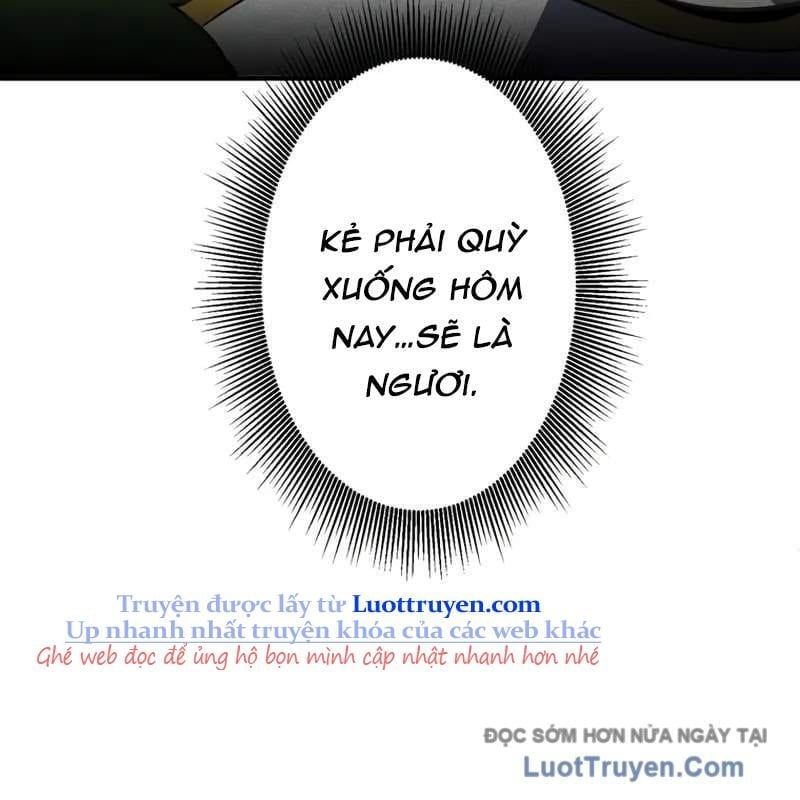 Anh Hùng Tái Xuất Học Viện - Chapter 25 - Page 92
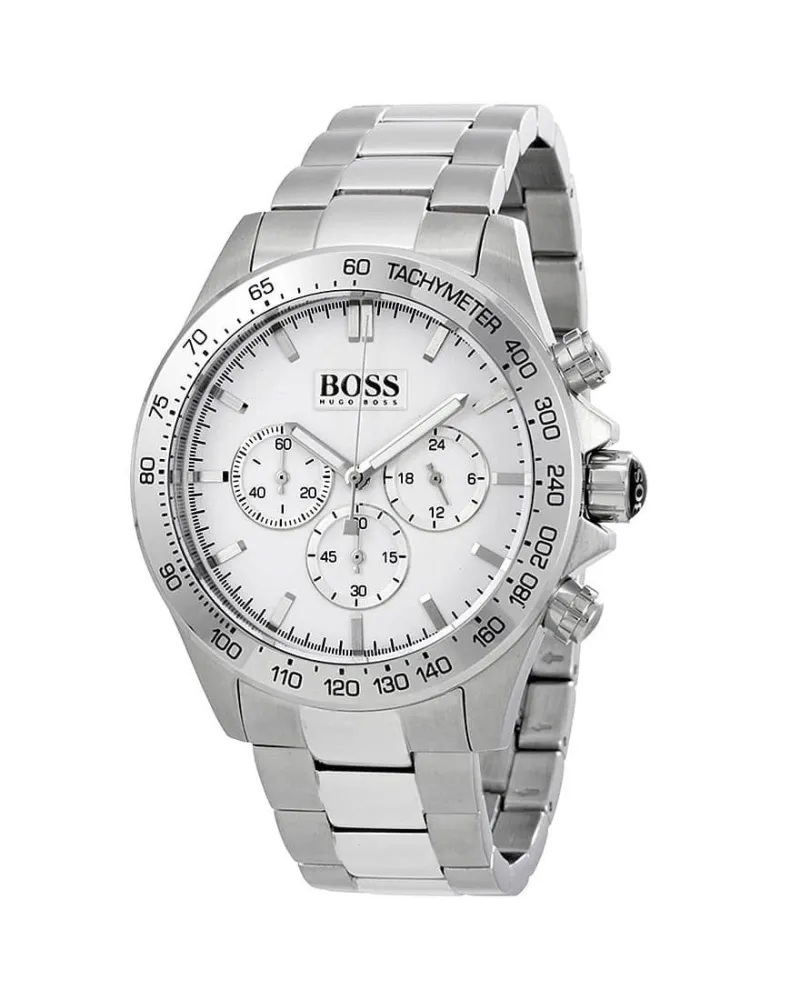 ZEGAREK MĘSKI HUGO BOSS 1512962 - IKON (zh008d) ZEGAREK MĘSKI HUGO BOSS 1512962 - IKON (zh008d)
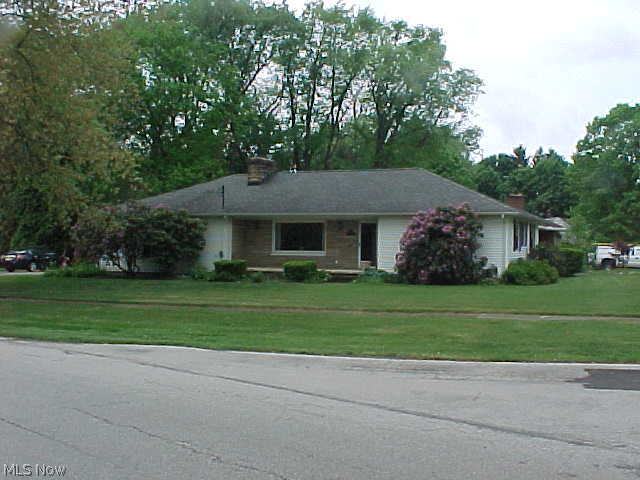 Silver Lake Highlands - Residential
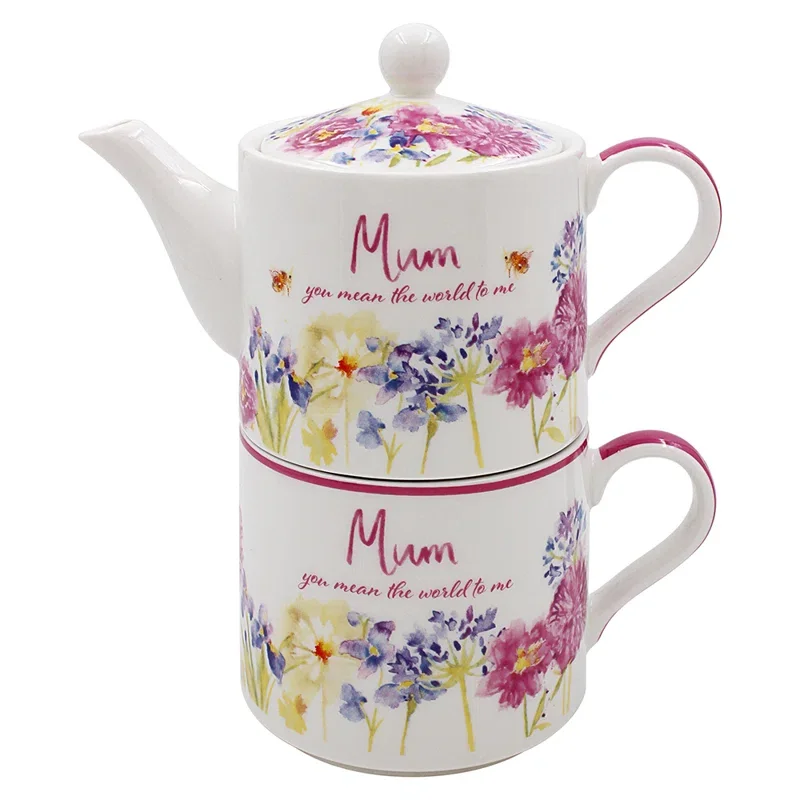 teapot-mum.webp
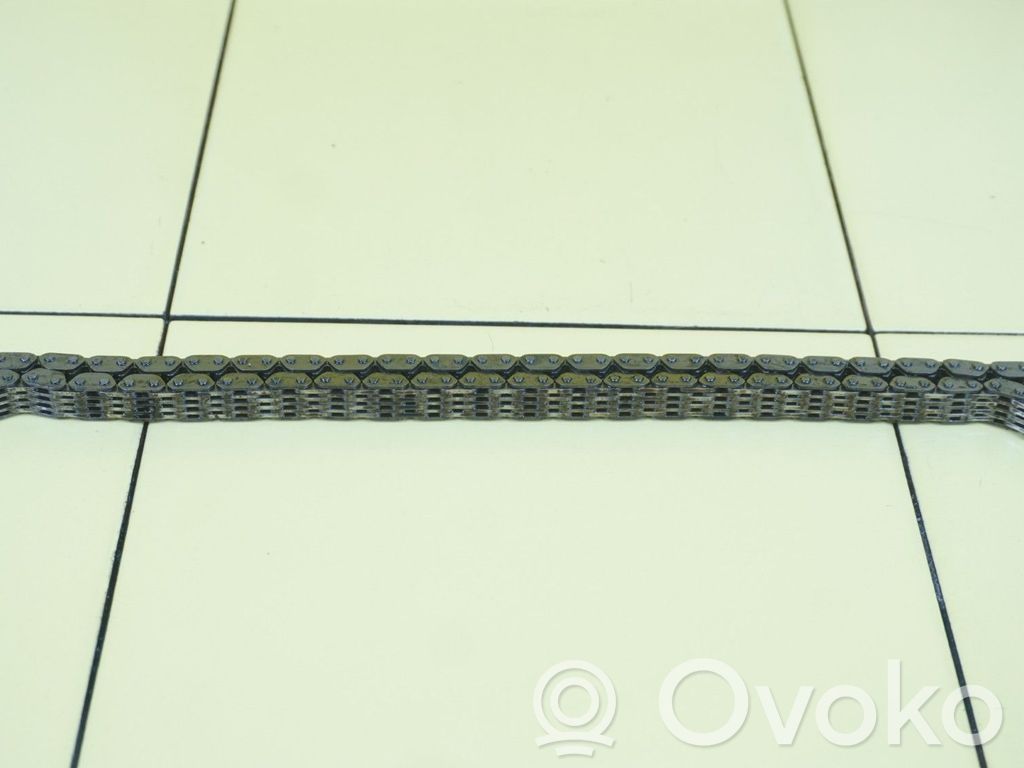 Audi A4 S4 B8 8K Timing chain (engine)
·····
TASK GOAL:
Set down again, exactly, the lines from the one with "Silver Lake Highlands - Residential" to the last line of the data, both included and pictures excluded.

RESPONSE:
 Silver Lake Highlands - Residential
 teapot-mum.webp
 Audi A4 S4 B8 8K Timing chain (engine)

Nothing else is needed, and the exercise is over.